A higher volumetric flow rate through a given area increases flow speed and drag force, so the float will be pushed upwards. However, as the inside of the rotameter is cone shaped (widens), the area around the float through which the medium flows increases as the float rises, and thus the flow speed and drag force decrease until there is mechanical equilibrium with the float's weight.

Floats are made in many different shapes, with spheres and ellipsoids being the most common. The float may be diagonally grooved and partially colored so that it rotates axially as the fluid passes. This shows if the float is stuck since it will only rotate if it is free. Readings are usually taken at the top of the widest part of the float; the center for an ellipsoid, or the top for a cylinder. Some manufacturers use a different standard.
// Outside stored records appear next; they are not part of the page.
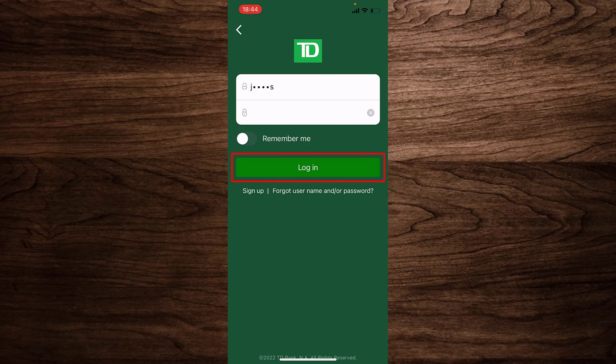Once you type in your username and password correctly, tap on the option that says 'Login' and you will be successfully signed in to the online banking services of TD Bank using the TD Bank mobile app.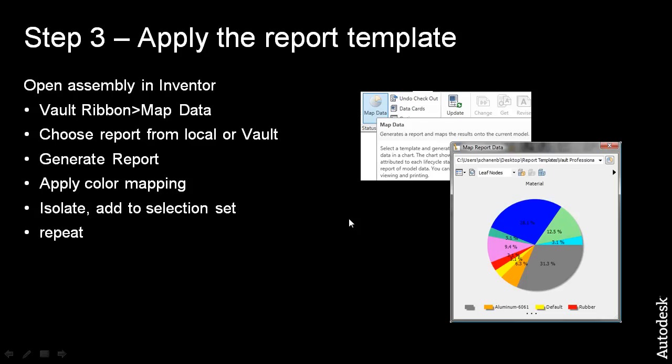All right, the next step is actually the fun part. We're going to apply this report template to our Inventor model.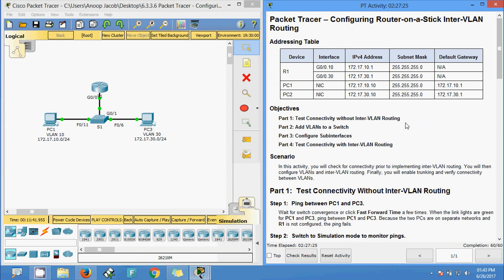Great job — we have completed the Packet Tracer activity configuring router-on-a-stick inter-VLAN routing. If you have any questions, comment below. If you liked the video, give a thumbs up, and subscribe to get notifications about future videos. Thank you!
The "float" must not float in the fluid: it has to have a higher density than the fluid, otherwise it will float to the top even if there is no flow.

The mechanical nature of the measuring principle provides a flow measurement device that does not require any electrical power. If the tube is made of metal, the float position is transferred to an external indicator via a magnetic coupling. This capability has considerably expanded the range of applications for the variable area flowmeter, since the measurement can observed remotely from the process or used for automatic control.

==Advantages==

- A rotameter requires no external power or fuel, it uses only the inherent properties of the fluid, along with gravity, to measure flow rate.
- A rotameter is also a relatively simple device that can be mass manufactured out of cheap materials, allowing for its widespread use.
- Since the area of the flow passage increases as the float moves up the tube, the scale is approximately linear.
- Clear glass is used which is highly resistant to thermal shock and chemical action.

==Disadvantages==

- Due to its reliance on the ability of the fluid or gas to displace the float, graduations on a given rotameter will only be accurate for a given substance at a given temperature. The main property of importance is the density of the fluid; however, viscosity may also be significant. Floats are ideally designed to be insensitive to viscosity; however, this is seldom verifiable from manufacturers' specifications. Either separate rotameters for different densities and viscosities may be used, or multiple scales on the same rotameter can be used.
- Because operation of a rotameter depends on the force of gravity for operation, a rotameter must be oriented vertically. Significant error can result if the orientation deviates from the vertical.
- Due to the direct flow indication the resolution is relatively poor compared to other measurement principles. Readout uncertainty gets worse near the bottom of the scale. Oscillations of the float and parallax may further increase the uncertainty of the measurement.
- Since the float must be read through the flowing medium, some fluids may obscure the reading. A transducer may be required for electronically measuring the position of the float.
- Rotameters are not easily adapted for reading by machine; although magnetic floats that drive a follower outside the tube are available.
- Rotameters are not generally manufactured in sizes greater than 6 inches/150 mm, but bypass designs are sometimes used on very large pipes.